What you give back must match the data exactly, minus the pictures.

GIVEN DATA
Start of Block

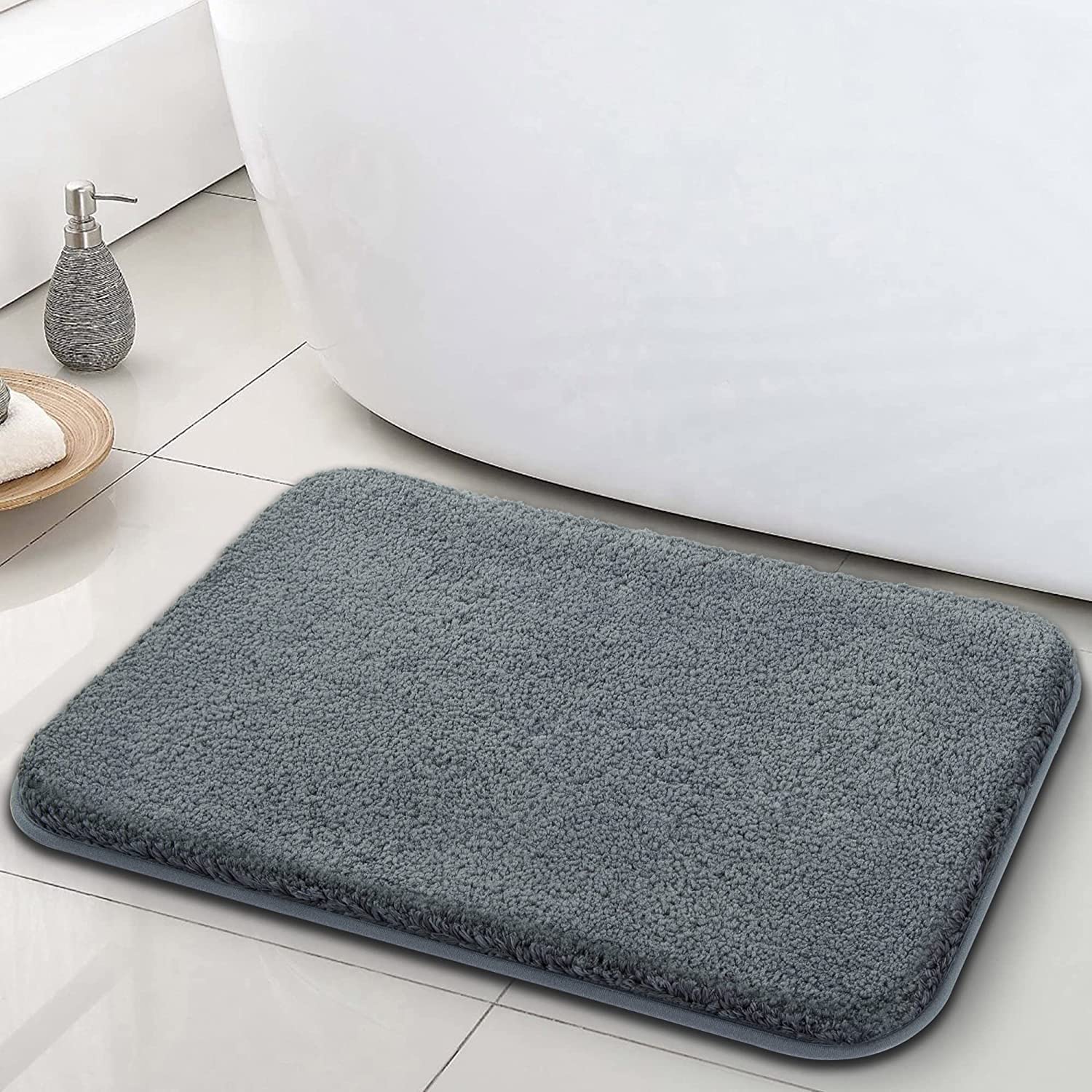 BSPS (40x60 cm Solid 2000 GSM Microfiber Bath Mat Super Absorbent/Floor Mat (Grey) 1 Piece Model: Water Absorb 307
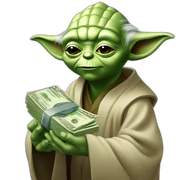 Yoda holds out money sticker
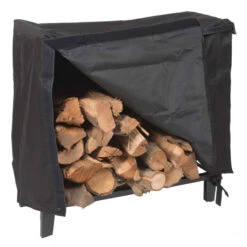 96" Black Log Rack Full Cover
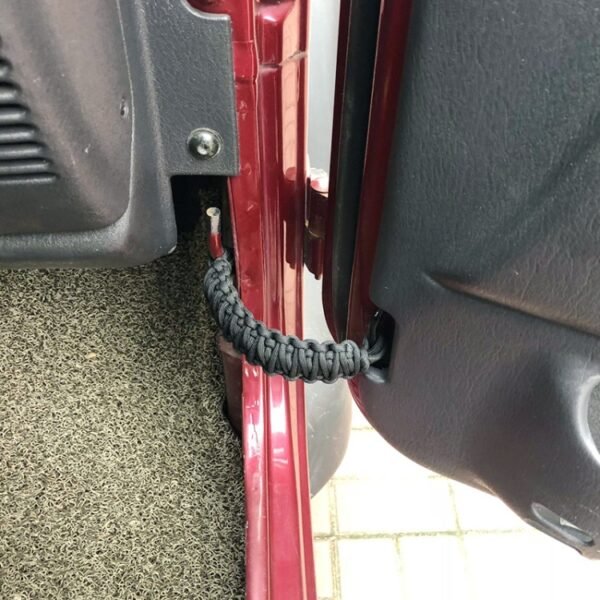 Pair Car Door Limit Braided Rope Strap for Jeep Wrangler, Short (Red) - Image 5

End of Block

FINISHED EXERCISE
 BSPS (40x60 cm Solid 2000 GSM Microfiber Bath Mat Super Absorbent/Floor Mat (Grey) 1 Piece Model: Water Absorb 307
 Yoda holds out money sticker
 96" Black Log Rack Full Cover
 Pair Car Door Limit Braided Rope Strap for Jeep Wrangler, Short (Red) - Image 5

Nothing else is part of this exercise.